Qubicbox may suspend or terminate access to the Services if you breach these Terms, fail to pay fees, violate acceptable use standards, or if required by law or regulatory instruction. We may also suspend access to prevent security threats to you, us, or other users.

You may terminate usage at any time by providing written notice and ceasing access. Termination will not relieve you of obligations accrued before the effective termination date unless otherwise agreed.

Upon termination each party must destroy or return confidential information and personal data except where retention is required by law. Sections relating to confidentiality, data protection, liability, intellectual property, and governing law survive termination.

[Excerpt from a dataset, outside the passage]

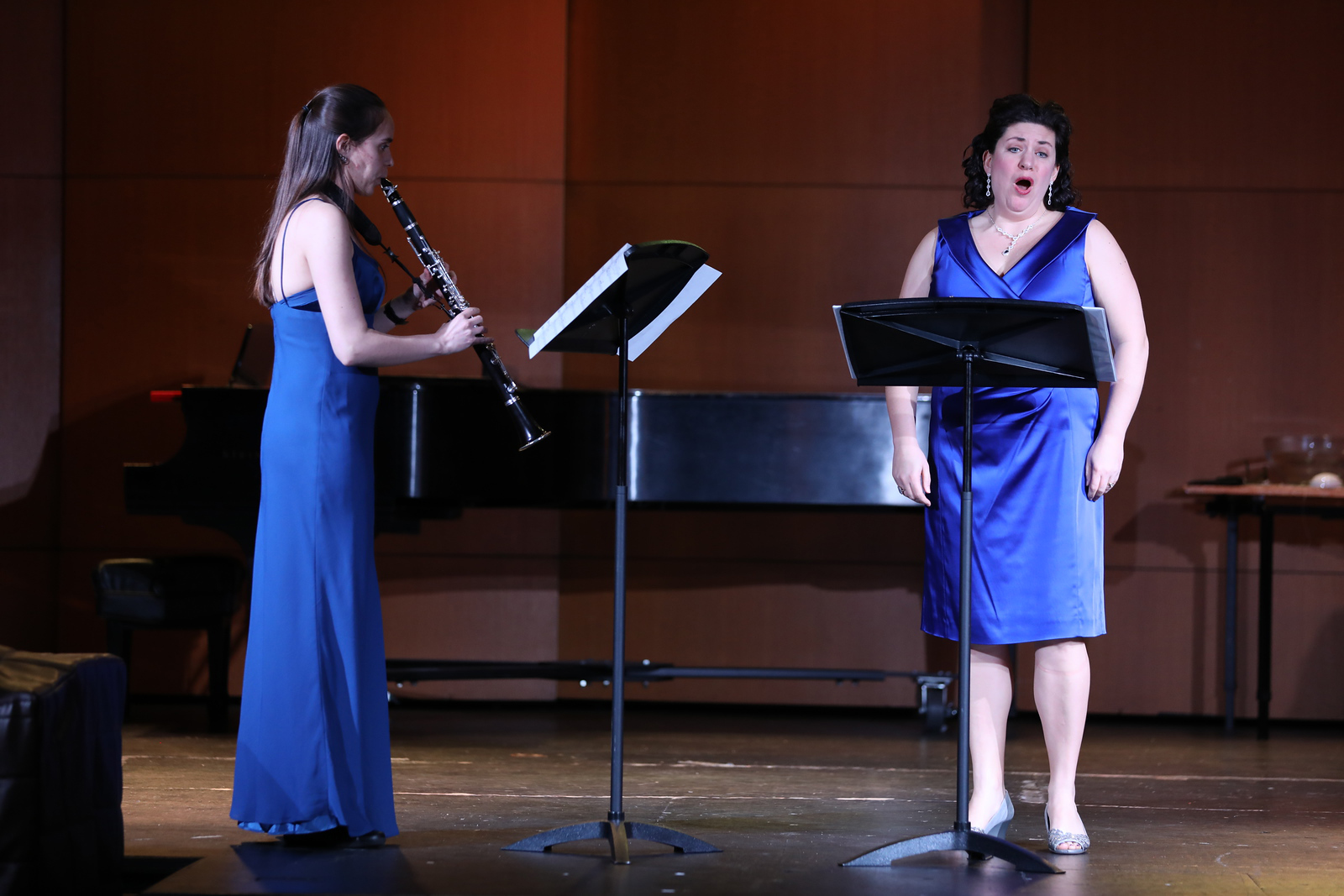 A UNCP music sings on stage, accompanied by a fellow student on clarinett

• If suspension is due to curable breach, we will provide notice describing the breach and remediation steps.
• You are responsible for exporting your data before the effective termination date; post-termination retrieval requests may attract additional fees.

6. Liability and governing law

To the maximum extent permitted by law, Qubicbox is not liable for indirect, consequential, or punitive damages, lost profit, or lost revenue. Aggregate liability for direct damages is limited to the fees paid for the Services in the 12 months preceding the claim, unless prohibited by law.

Nothing in these Terms limits liability for fraud, gross negligence, wilful misconduct, or any other liability that cannot be excluded under applicable law.

These Terms are governed by the laws of the Federal Republic of Nigeria, without regard to conflict of law principles. Parties submit to the exclusive jurisdiction of the courts of Lagos, Nigeria, unless otherwise specified in a written agreement. The United Nations Convention on Contracts for the International Sale of Goods does not apply.

• Each party shall indemnify the other against third-party claims arising from a breach of confidentiality or data protection obligations, subject to the liability cap above.
• Force majeure events (including power grid failures, cyberattacks, or regulatory directives) relieve the affected party from performance while the event persists, provided reasonable mitigation steps are taken.